Per Schlauchboot wurden die geretteten Menschen von der Crew der Aquarius 2 in internationalen Gewässern an Malta übergeben.

Bianca Blei

Die Gruppe der 58 Geretteten, die von dem Hilfsschiff Aquarius 2 am 30. September an die maltesische Küstenwache übergeben wurde, wurde aufgelöst. Vier Staaten hatten sich mit Malta auf eine Verteilung der Menschen geeinigt: Frankreich übernahm 17 Fälle, Spanien 16, Deutschland 15 und Portugal zehn. Nach welchen Kriterien die Personen aufgeteilt wurden, ist unklar. Ein Sprecher des spanischen Innenministeriums sagte dem STANDARD aber, dass sich die Geretteten offenbar freiwillig für eine Aufnahme durch Spanien bewerben mussten. Wie diese Bewerbung ablaufe, ließ er offen.

Asylverfahren im Staat

Spanien und Frankreich haben die Geretteten bereits vor rund zweieinhalb Wochen in ihre Staaten geflogen. Davor hatten Beamte der Länder in Malta Interviews mit den Betroffenen geführt und ihre Berichte an ihre zuständigen Behörden geschickt. Das Asylverfahren beginnt aber erst innerhalb der Staatsgrenzen des zuständigen Landes. Laut einer Sprecherin des deutschen Bundesamts für Migration und Flüchtlinge (Bamf) bedeutet das, dass die Personen vor dem Transfer medizinisch untersucht, registriert und angehört werden. Außerdem durchlaufen sie eine Überprüfung durch die deutschen Sicherheitsbehörden.

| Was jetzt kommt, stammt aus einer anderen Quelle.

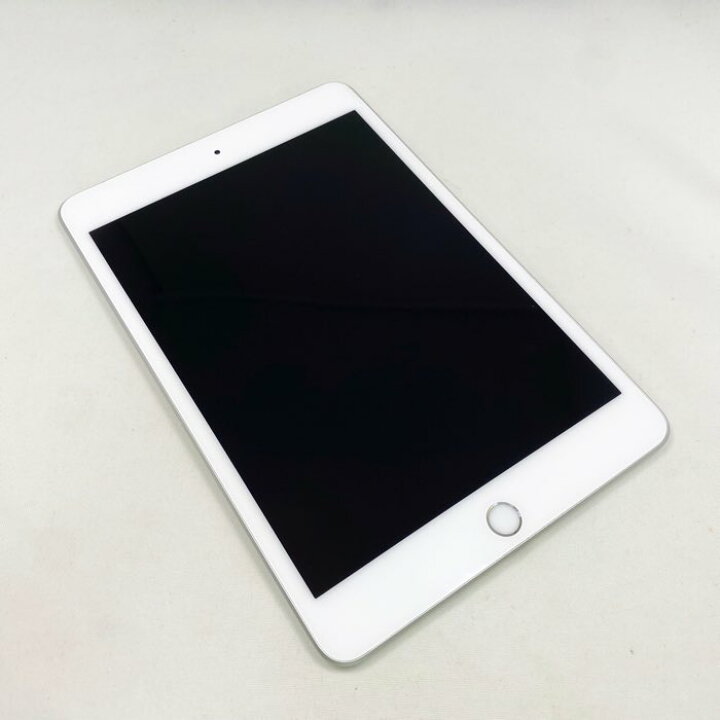 楽天市場】iPad mini（第5世代） Wi-Fi+Cellular 本体 64GB 7.9インチ 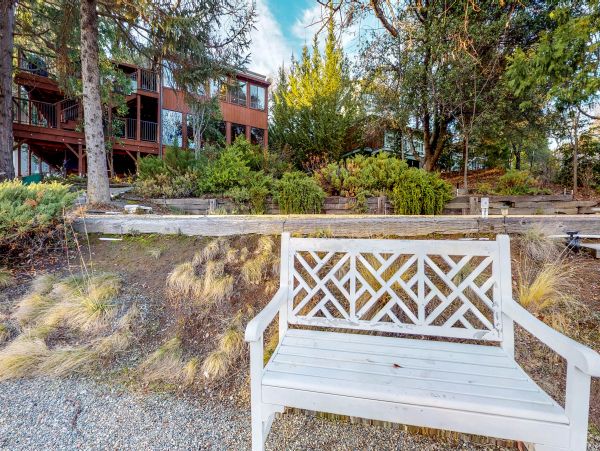 Yosemite Area Home 984605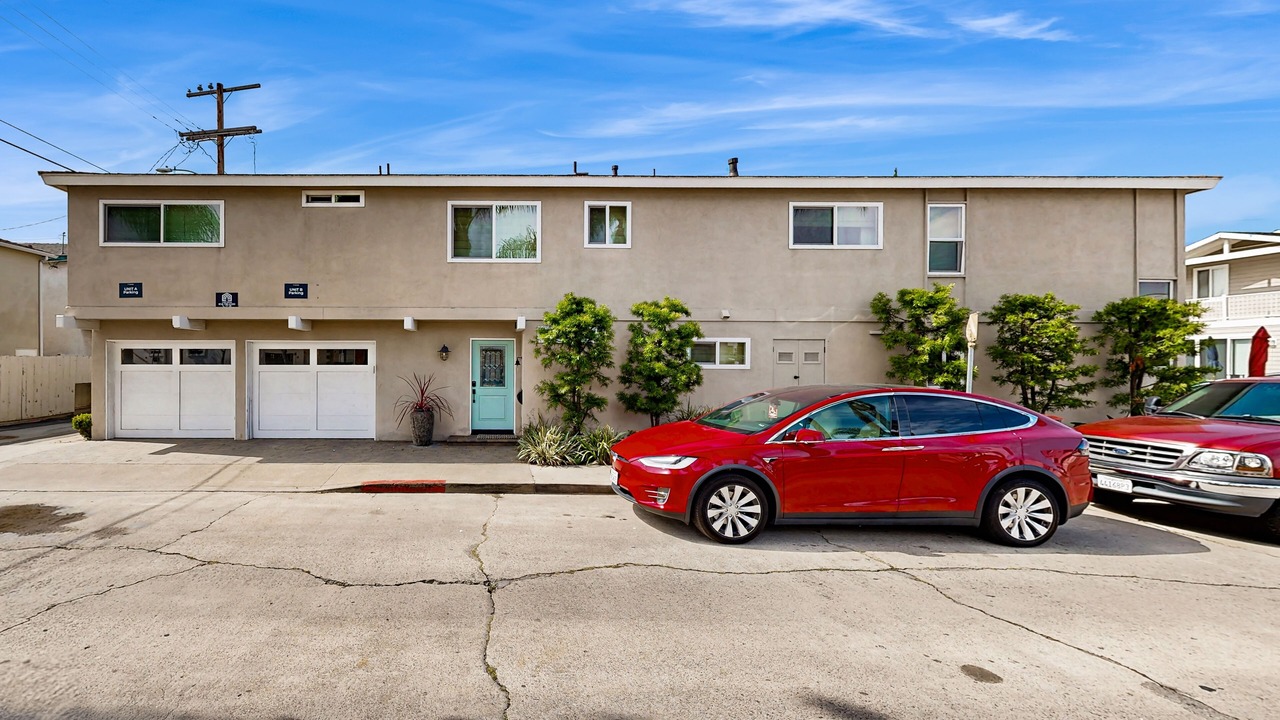 Photo of Outdoor in Balboa Island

Die Personen, für die Deutschland und Portugal zuständig sind, befinden sich noch immer in dem geschlossenen Aufnahmezentrum in der maltesischen Hauptstadt Valletta. Zwar hatten alle Betroffenen bereits ihre Gespräche mit den Beamten der jeweiligen Länder, doch steht auch fast vier Wochen nach der Ankunft noch kein Datum für ihre Ausreise fest.

Verdreckte Sanitäreinrichtungen

In einem Telefonat mit dem STANDARD zeigt sich Fouad, der gemeinsam mit seiner Frau Maha und seinen vier Kindern aus Libyen geflohen ist, verzweifelt. "Niemand gibt uns Informationen, was weiter mit uns passiert", erzählt der 37-Jährige. Außerdem berichtet er von verdreckten Sanitäreinrichtungen im Aufnahmezentrum und dass er mit seiner Familie in einem Raum mit 17 weiteren Personen schläft. Seine Kinder seien von dem Essen krank geworden, sagt der Libyer und schickt anschließend Bilder des Ausschlags am Rücken und Gesäß seines zweijährigen Sohnes. Ein Geretteter aus Algerien schreibt: "Es nennt sich Aufnahmezentrum, aber fühlt sich wie ein Gefängnis an."

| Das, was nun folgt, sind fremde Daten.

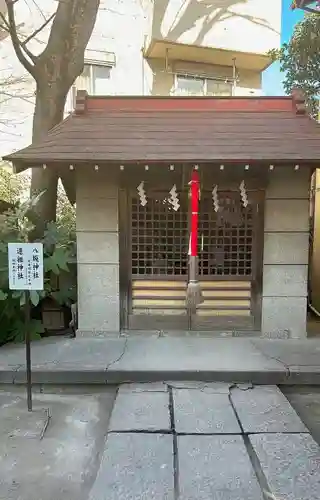 清瀧神社(千葉県)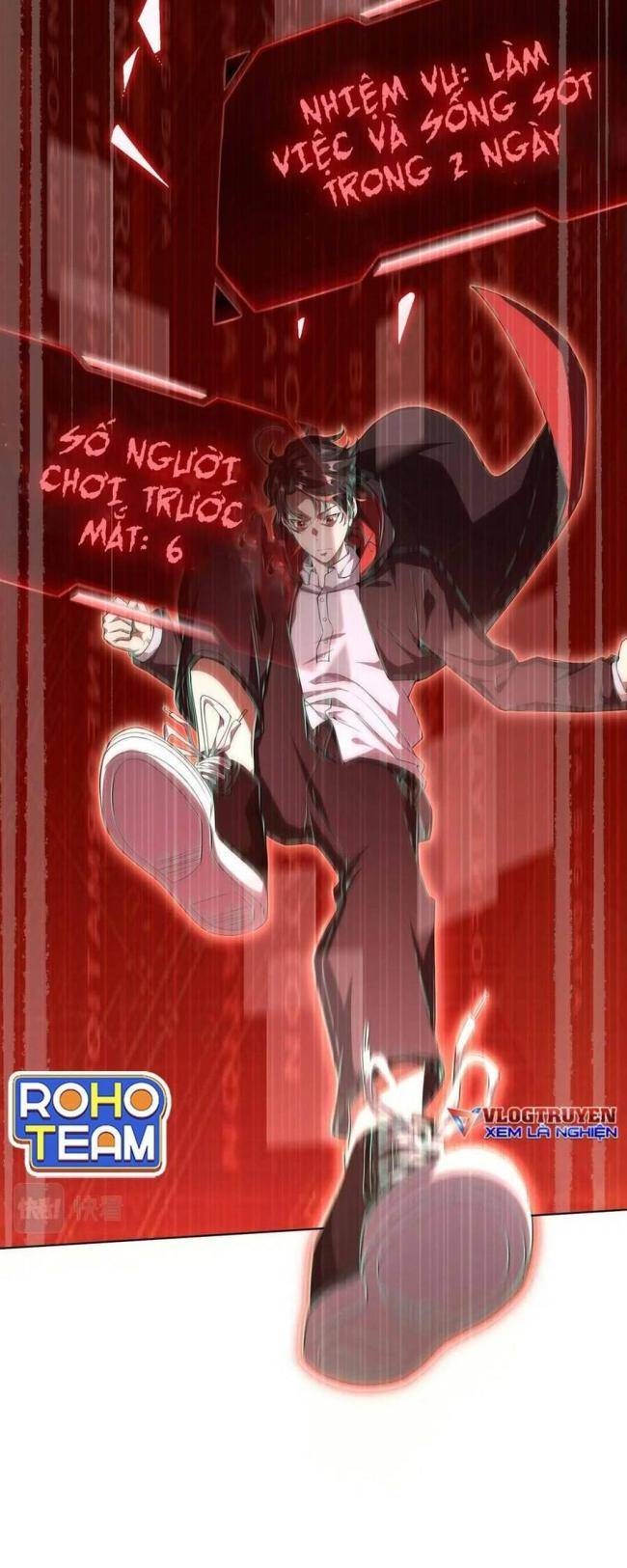 Bắt Đầu Với Trăm Vạn Minh Tệ - Page 23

Die Kritik an der Unterbringung in maltesischen Aufnahmeeinrichtungen ist nicht neu. Bereits im Jahr 2012 kritisierte die Hilfsorganisation Human Rights Watch in einem Bericht, dass Malta ankommende Migranten und Flüchtlinge automatisch einsperrt. Zwar habe sich die Lage für Personen verbessert, deren Fall in Malta bearbeitet wird, sagt Katrine Camilleri zum STANDARD. Sie leitet die Hilfsorganisation Jesuit Refugee Service, die auch Zugang zu der Aufnahmeeinrichtung hat, in der die Geretteten der Aquarius 2 untergebracht sind. Doch Camilleri fügt hinzu, dass vor allem für Menschen, die auf andere EU-Staaten aufgeteilt werden, die Zustände weiterhin untragbar seien.

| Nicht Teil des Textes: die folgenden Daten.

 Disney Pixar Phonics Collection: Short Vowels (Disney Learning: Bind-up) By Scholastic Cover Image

"Unsicherheit für Betroffene"

Es würde teilweise Wochen dauern, bis die Staaten Beamte nach Malta senden, sagt Camilleri. So lange dürften die Menschen das Zentrum nicht verlassen. Außerdem sei das medizinische und psychosoziale Angebot in der Einrichtung ungenügend: "Wir wissen, dass den Leuten etwa in Libyen Schreckliches passiert ist. Ein ordentliches System sollte helfen, doch in Malta ist es überfordert."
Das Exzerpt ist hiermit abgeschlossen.